Tax-News.com, Washington

16 January 2003

Washington's Center for Freedom and Prosperity reports that more members of Congress have taken the opportunity of opposing the IRS's interest reporting regulation, while writing to congratulate President Bush on his economic growth package.

Rep. Pat Toomey of Pennsylvania, says the Center, was joined by 28 other members of the House of Representatives in a letter to President George W. Bush which expressed their strong opposition to a proposed IRS regulation (REG-133254-02) that would compel American banks to report the deposit interest paid to nonresident aliens.

The Members stated:

"This burdensome new proposal - a legacy of the previous Administration - is not needed to enforce U.S. tax law or combat illegal money laundering. It will only harm financial markets by driving capital out of the American economy. Indeed, the Chairman of the Federal Deposit Insurance Corporation recently warned that it could undermine the safety and soundness of our banking system by leading to a large loss of deposits.

"This regulation could severely undermine the pro-growth provision of your tax package. Some economists believe hundreds of billions of dollars will flee our economy and that gross domestic product will drop by 0.8 percent if the regulation is finalized. Even if the actual damage is just a fraction of these estimates, this is too high of a cost to pay for a regulation that would overturn - by bureaucratic edict - decades of government policy designed to attract capital to the U.S. economy.

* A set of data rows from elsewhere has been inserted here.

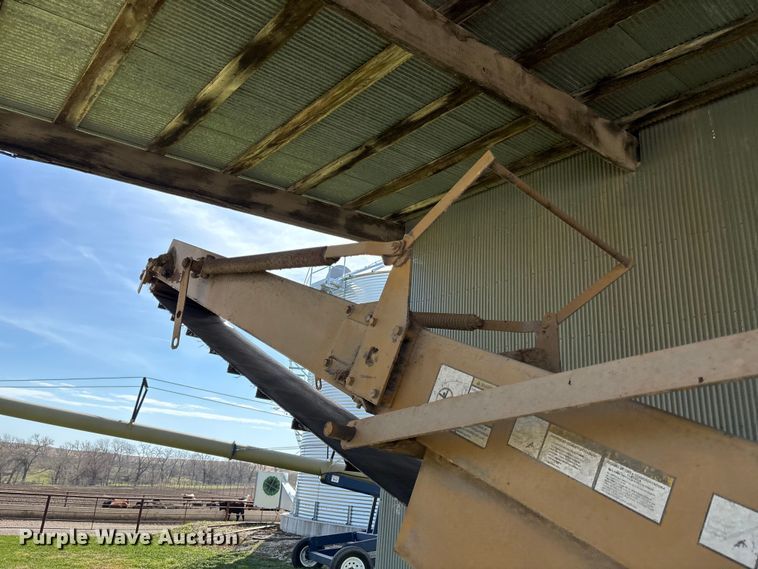 image for item FI0852 Hay Buster H1000 Big Bite feed grinder/mixer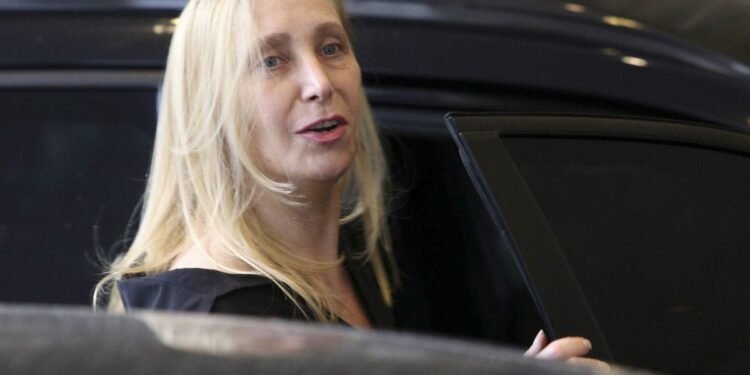 Milei consigue que un juez prohíba la difusión de audios de su hermana grabados en la Casa Rosada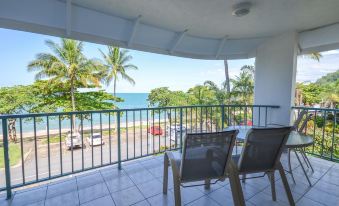 Beachfront Apartments on Trinity Beach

"This regulation should be withdrawn."

Rep. Toomey, a member of the House's Financial Services Committee, was joined on the letter by nine fellow Committee members, including Judy Biggert, Melissa Hart, Don Manzullo, Bob Ney, Ron Paul, Edward Royce, John Shadegg, Pat Tiberi, and Dave Weldon.

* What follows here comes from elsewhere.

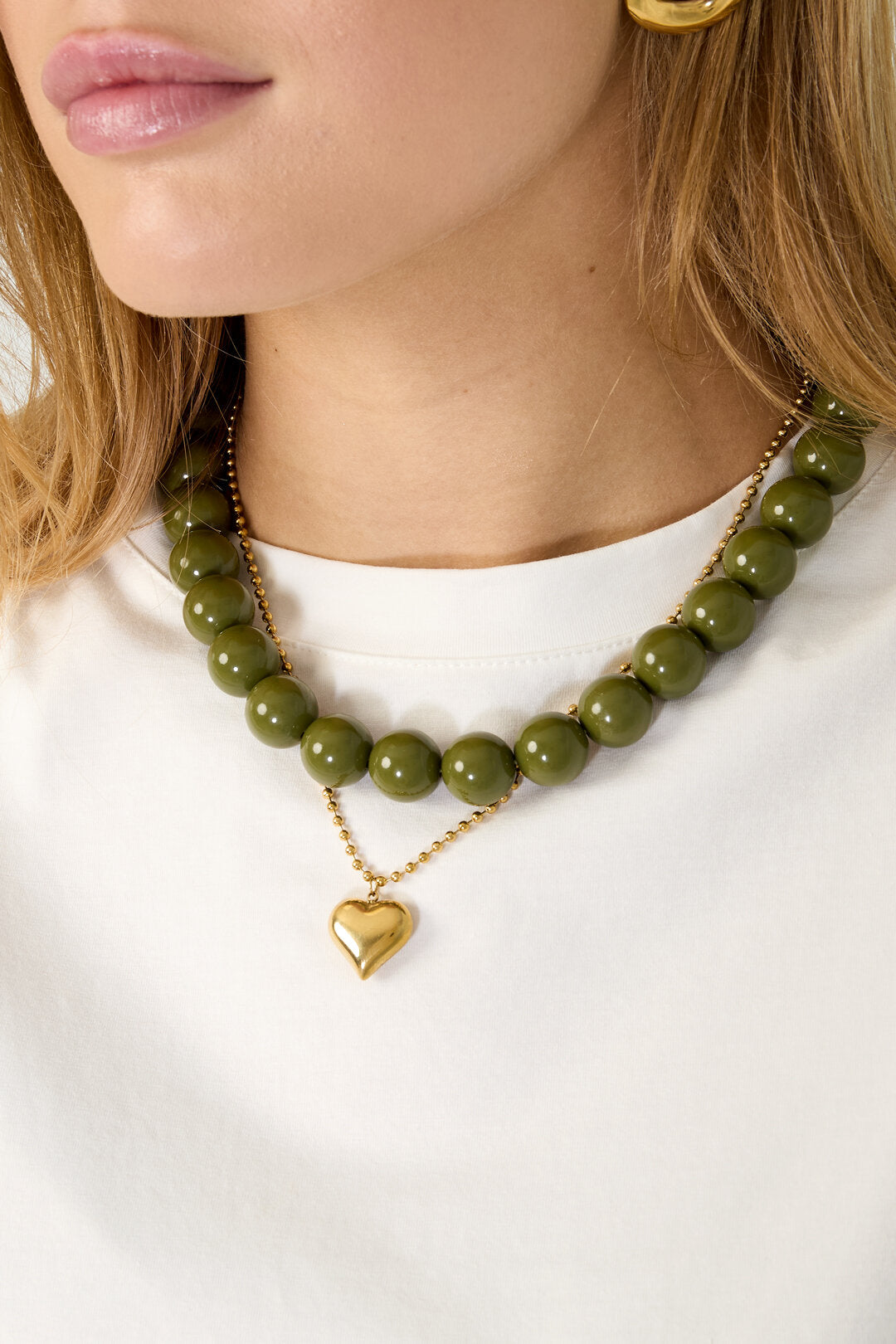 Stylish Resin Beaded Necklace for Everyday Wear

Of special note, Rep. Weldon led the charge against the regulation when the Clinton Administration first proposed it. The IRS hoped that Mr. Weldon and some financial institutions would withdraw their opposition after the regulation was slightly modified last July. This did not happen. Rep. Weldon 's opposition to the new rule, combined with strong opposition from the Federal Deposit Insurance Corporation and the American Bankers Association, demonstrates that interested parties understand that any interest-reporting rule eventually would encompass clients from all nations and therefore cause a loss of deposits to America's financial sector. Even the Florida Bankers Association, the organization that the IRS hoped to buy off with the cosmetic revisions in July, has decided not to support the second version of the regulation.